Sem alternativas, parte desse grupo se apoia em familiares ou tenta recomeçar na informalidade e no empreendedorismo, como fez Luciane. Outras se reinventam, abrindo pequenos negócios ou prestando serviços como autônomas.
Nelly Carla Vila, 57 anos, se identificou com o termo francês NER. Ela está há dois meses em busca de recolocação no mercado e já enfrentou golpes com e-mails falsos e propostas de emprego fraudulentas, que solicitam seus dados pessoais.
“Essa falta do olho no olho no processo de contratação tem afastado justamente os profissionais com experiência, maturidade e capacidade de relacionamento”, afirmou.
Ela observa que as empresas ainda priorizam candidatos mais jovens e que o recrutamento se tornou cada vez mais impessoal. “São testes, formulários, plataformas, algoritmos.
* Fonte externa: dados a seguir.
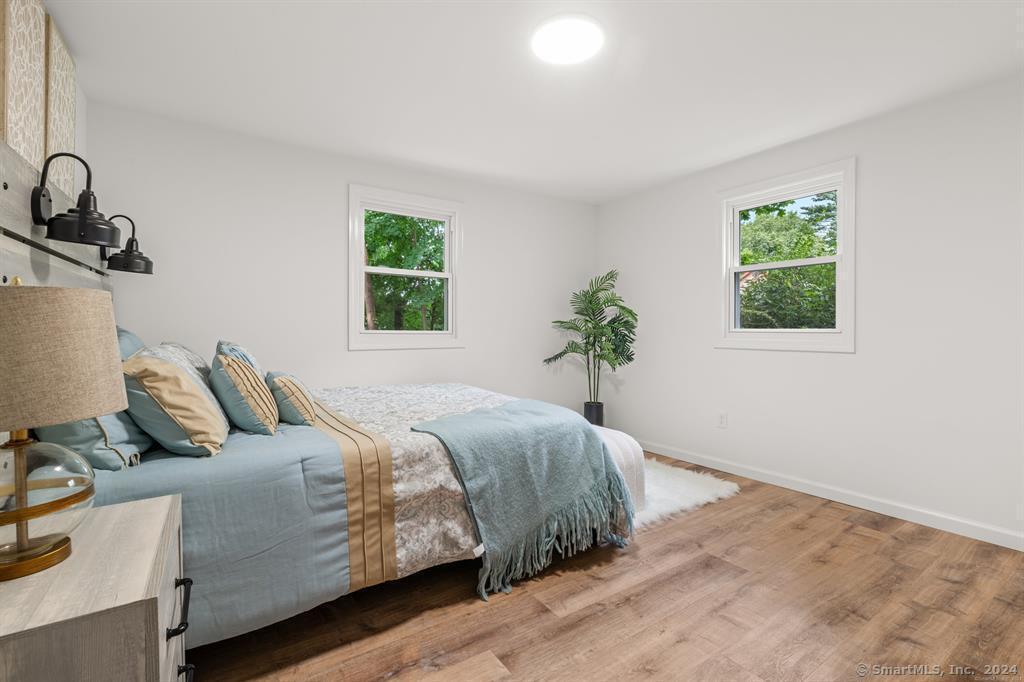 5 Pine Trail Avon, CT 06001 - Photo 20 of 26 a bedroom with a bed and a window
E tudo isso, muitas vezes, não mede o que realmente importa, como caráter, responsabilidade, ética e vontade de trabalhar”, disse.
Stella ressalta que o impacto do etarismo é desigual entre gêneros. “É um fenômeno que vem atingindo mais as mulheres do que os homens. Não à toa, vemos menos mulheres em cargos de alta liderança e com carreiras mais longevas”, conta.
Para Stella, enfrentar o problema exige incentivos à progressão de carreira e mudanças na cultura corporativa. “É preciso que RHs e lideranças contratem sem olhar apenas para idade, formação ou bairro, critérios ainda muito estereotipados, mas que seguem acontecendo nas empresas”, afirma.